• **Material to process**:
******************************

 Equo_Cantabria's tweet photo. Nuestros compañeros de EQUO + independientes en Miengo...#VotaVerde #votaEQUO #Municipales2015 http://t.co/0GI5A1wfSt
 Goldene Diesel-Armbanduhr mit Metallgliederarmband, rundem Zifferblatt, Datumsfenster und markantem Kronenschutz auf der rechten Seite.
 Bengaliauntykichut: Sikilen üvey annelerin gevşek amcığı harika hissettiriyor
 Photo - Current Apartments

******************************

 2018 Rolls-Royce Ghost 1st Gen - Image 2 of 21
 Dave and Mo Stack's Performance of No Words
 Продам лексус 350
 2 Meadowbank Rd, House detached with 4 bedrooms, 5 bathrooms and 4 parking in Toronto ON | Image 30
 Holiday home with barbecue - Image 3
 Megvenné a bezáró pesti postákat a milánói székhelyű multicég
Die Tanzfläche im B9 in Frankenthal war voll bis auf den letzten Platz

******************************

• **Required action**: Please output the lines of the listing above that fall in the stretch from the one with "Equo_Cantabria's tweet photo." through the one with "Photo - Current Apartments", exactly and only those.

• **Task result**:
 Equo_Cantabria's tweet photo. Nuestros compañeros de EQUO + independientes en Miengo...#VotaVerde #votaEQUO #Municipales2015 http://t.co/0GI5A1wfSt
 Goldene Diesel-Armbanduhr mit Metallgliederarmband, rundem Zifferblatt, Datumsfenster und markantem Kronenschutz auf der rechten Seite.
 Bengaliauntykichut: Sikilen üvey annelerin gevşek amcığı harika hissettiriyor
 Photo - Current Apartments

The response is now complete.